Penguatan dan Masukan RUU Daerah Kepulauan Untuk Perlindungan Pesisir, Laut dan Pulau Kecil

Share on facebook
Share on twitter
Share on linkedin
Share on whatsapp

Indonesia merupakan negara kepulauan dengan berbagai potensi sumber dayanya. Garis pantainya yang mencapai 81.000 kilometer dengan luas lautnya sekitar 70 persen dari luas Indonesia.

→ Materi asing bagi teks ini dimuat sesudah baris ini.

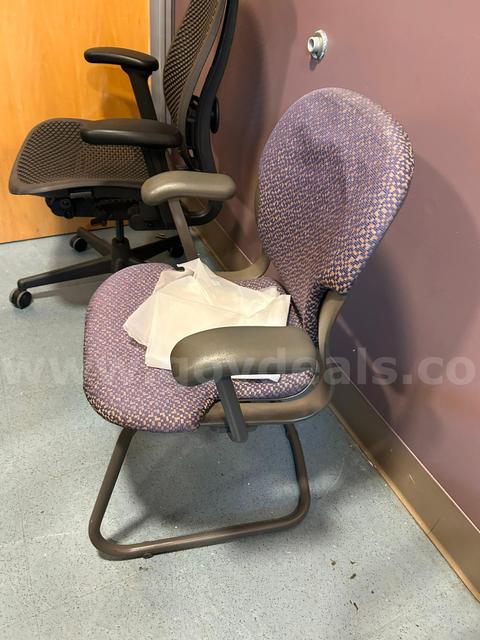 Cloth Chair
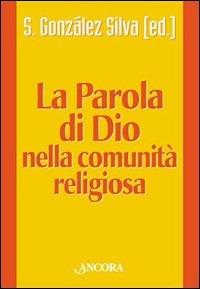 La parola di Dio nella comunità religiosa - copertina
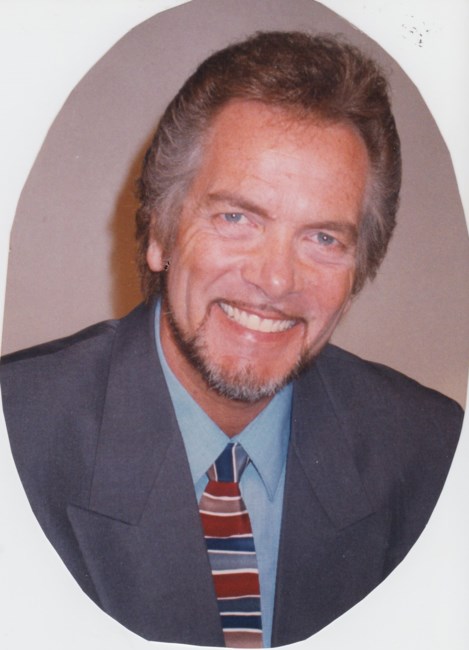 Obituary of Roy Edward Pauley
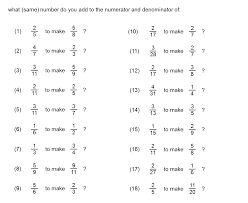 Equations And Equivalent Fractions Equivalent Fractions Equations Fractions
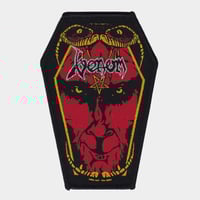 Image 1 of Venom patch (coffin)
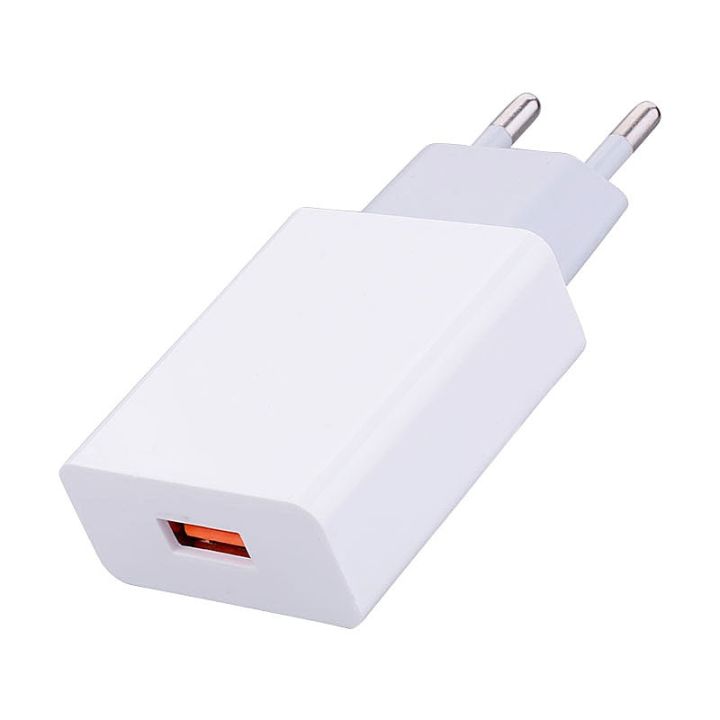 【All Of Me】For Samsung Note 10 + S9 HTC U11 Redmi Note 7 ZTE Axon 7 Z17 Mini Mobile phone Type C Charge Cable Wall USB Charger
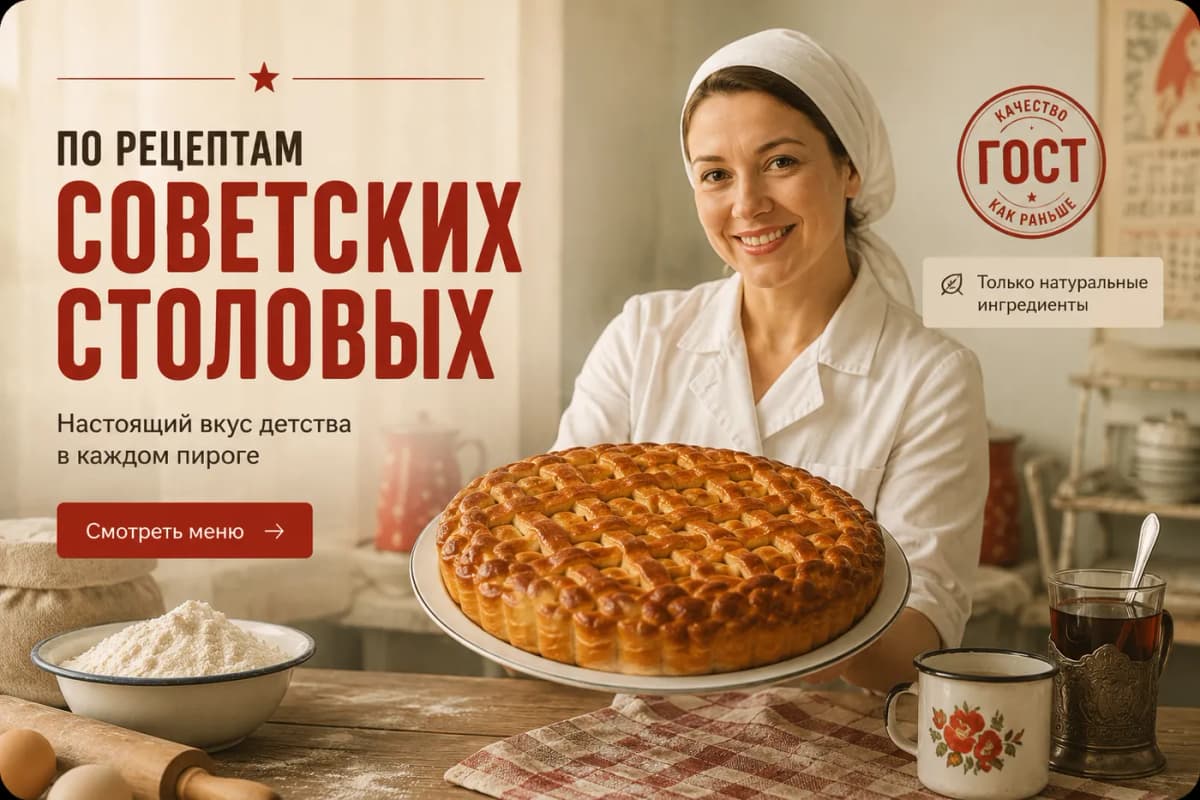 ЗА 60 МИНУТ
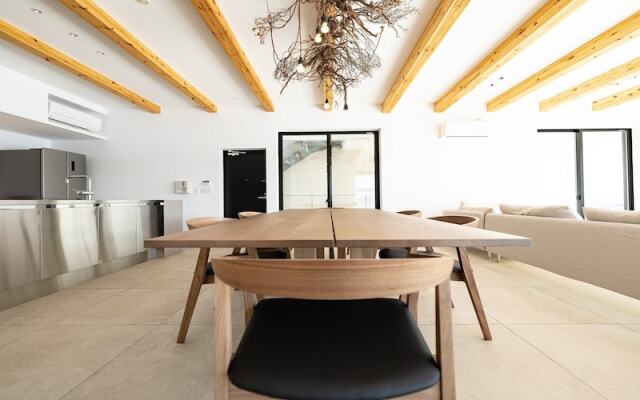 the View miurashiharumicho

Fakta tersebut menjadi faktor dalam menentukan arah pembangunan dengan mengutamakan wilayah pesisir, laut dan pulau-pulau kecil di Indonesia. Hadirnya RUU Daerah Kepulauan akan memaksimalkan potensi sumber daya laut Indonesia.

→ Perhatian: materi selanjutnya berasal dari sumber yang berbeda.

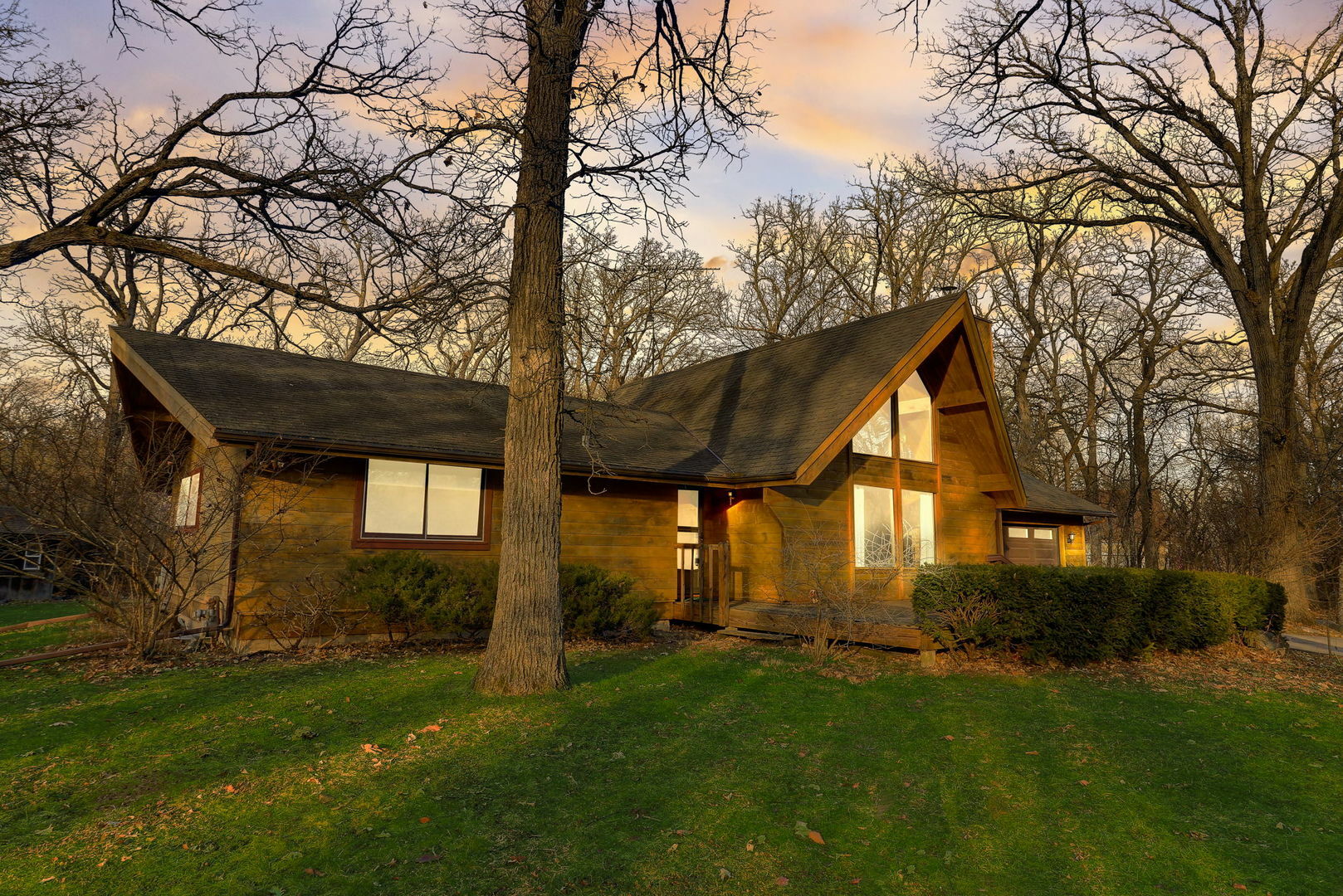 Property Photo:  18710 Stevens Road  IL 60152 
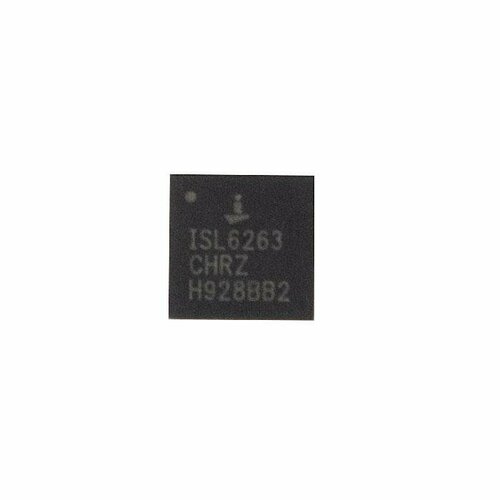 Микросхема ISL6263CHRZ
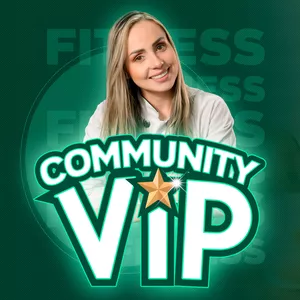 Cover image for Online course VIP Community Fit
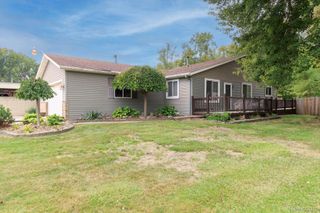 37281 Clio Street, Harrison Charter Township, MI 48045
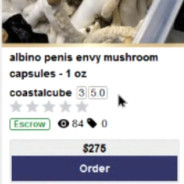 avatar albino penis magic mushrooms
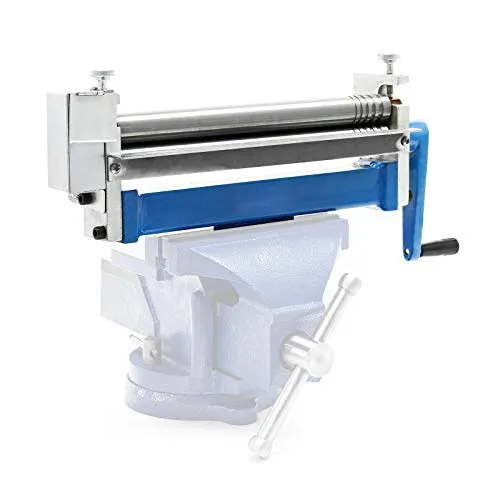 Wiltec Rundbiegemaschine 2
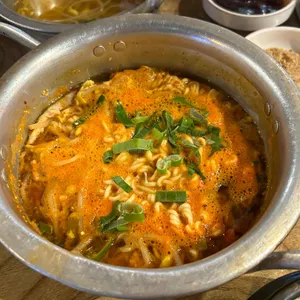 대구반야월막창 사진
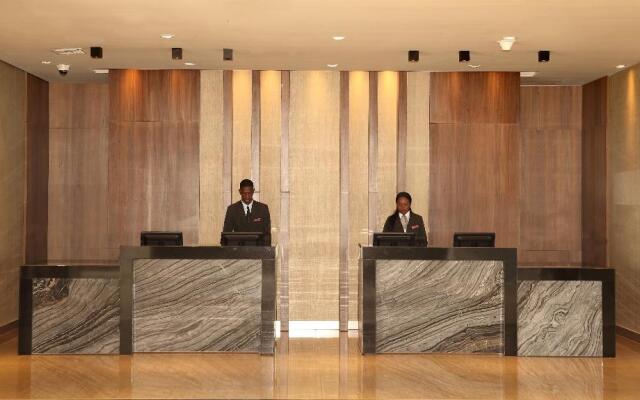 Crowne Plaza Panama Airport by IHG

Namun RUU Daerah Kepulauan juga ini tidak lepas dari berbagai permasalahan. Muhammad Karim, Dosen Universitas Trilogi mengungkap beberapa poin penting dari RUU ini dalam diskusi daring Jaring Nusa Kawasan Timur Indonesia.

Ia menjelaskan jika melihat pulau kecil harusnya melihat faktor pembatas pulau. Dalam RUU tersebut mengakomodir kewenangan daerah izin pertambangan. Hal ini menjadi ancaman baru jika bagi sumber penghidupan masyarakat di pulau kecil.

“Pulau kecil memiliki faktor pembatas, sehingga itu menjadi hal penting untuk dilihat. Seperti air, batas wilayah sehingga hal itu harus dilindungi untuk menjaga sumber kehidupan yang ada di pulau,” jelasnya.

“Di gorontalo di salah satu pulau kecil jadikan sebagai pulau wisata, namun terdapat pertambangan emas juga yang ada di lokasi tersebut. Jangan sampai terjadi tumpang tindih dalam pengelolaan pulau kecil,” tambahnya.

Selain itu ia juga mengkhawatirkan jika RUU Daerah Kepulauan ini akan menggunakan data utang luar negeri. Menurutnya RUU ini seperti skema blue ekonomi yang dikeluarkan bank dunia. 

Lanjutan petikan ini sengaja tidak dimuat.